__Data__:
■ ■ ■
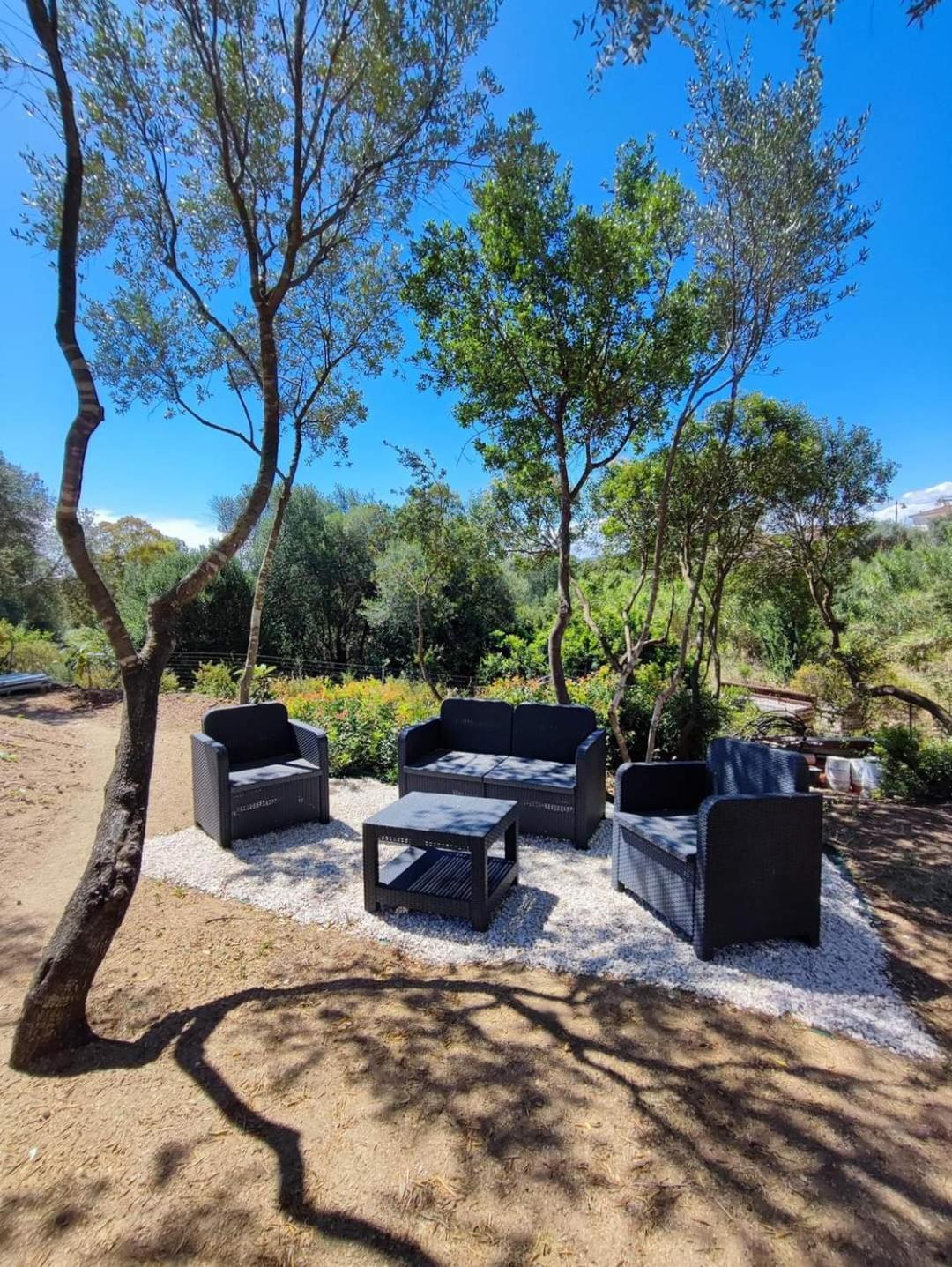 올비아 Antica Isola B&B 외부 사진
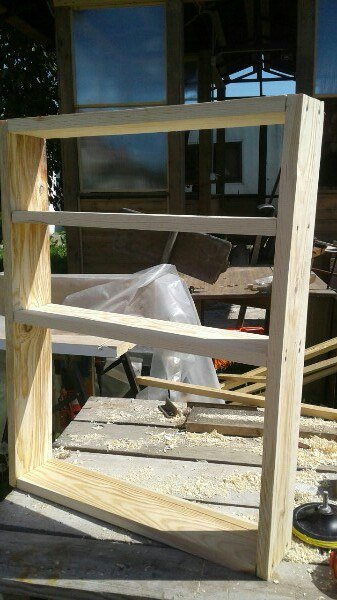 Витрина для пупсиков — Мебель для кукол и домиков: фото (фото 3)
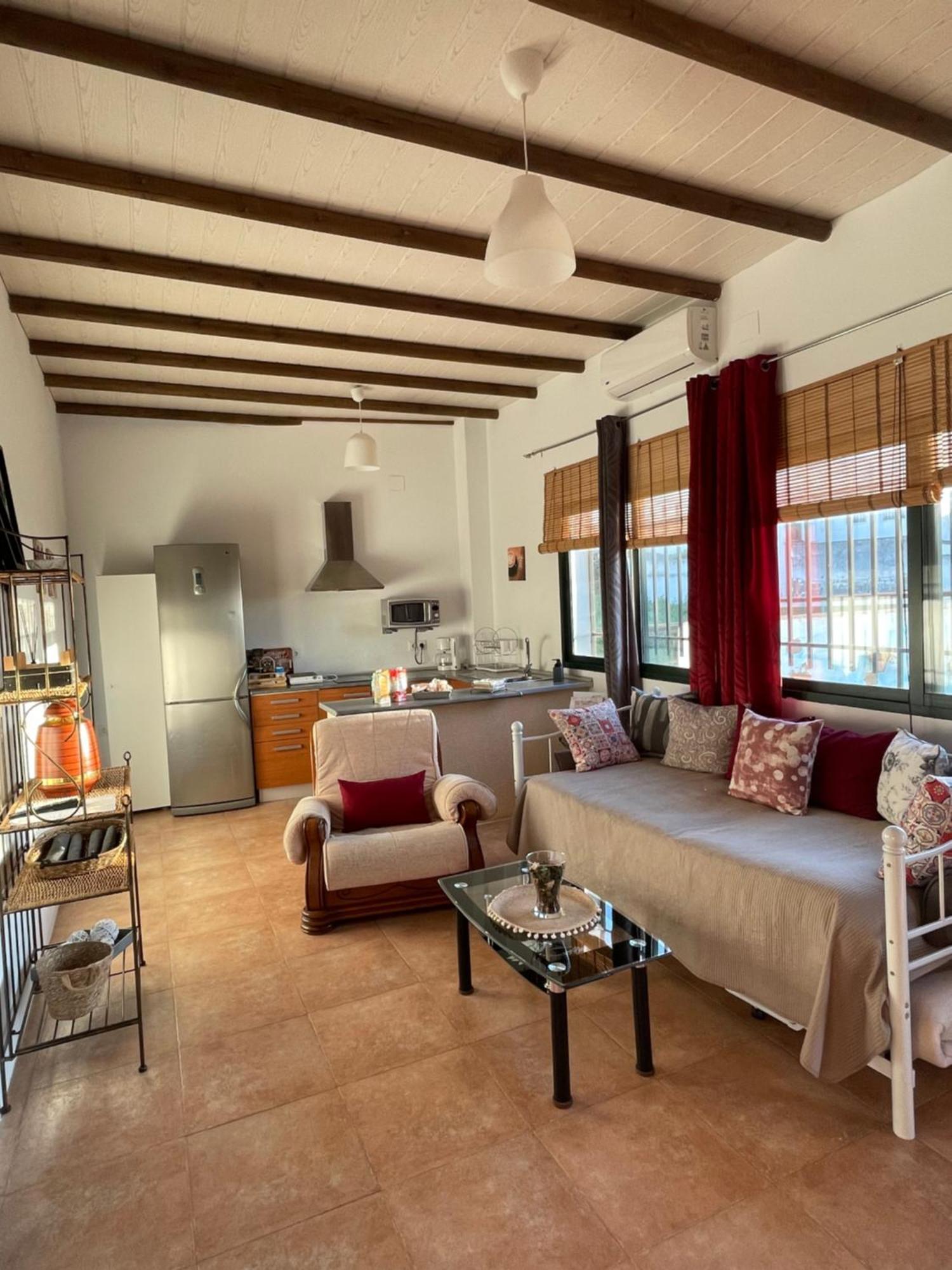 Villa Casa Rural El Miajon à El Campo  Extérieur photo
■ ■ ■
__Problem description__:
Print the data once more without any change, skipping each picture.

__Task solution__:
 올비아 Antica Isola B&B 외부 사진
 Витрина для пупсиков — Мебель для кукол и домиков: фото (фото 3)
 Villa Casa Rural El Miajon à El Campo  Extérieur photo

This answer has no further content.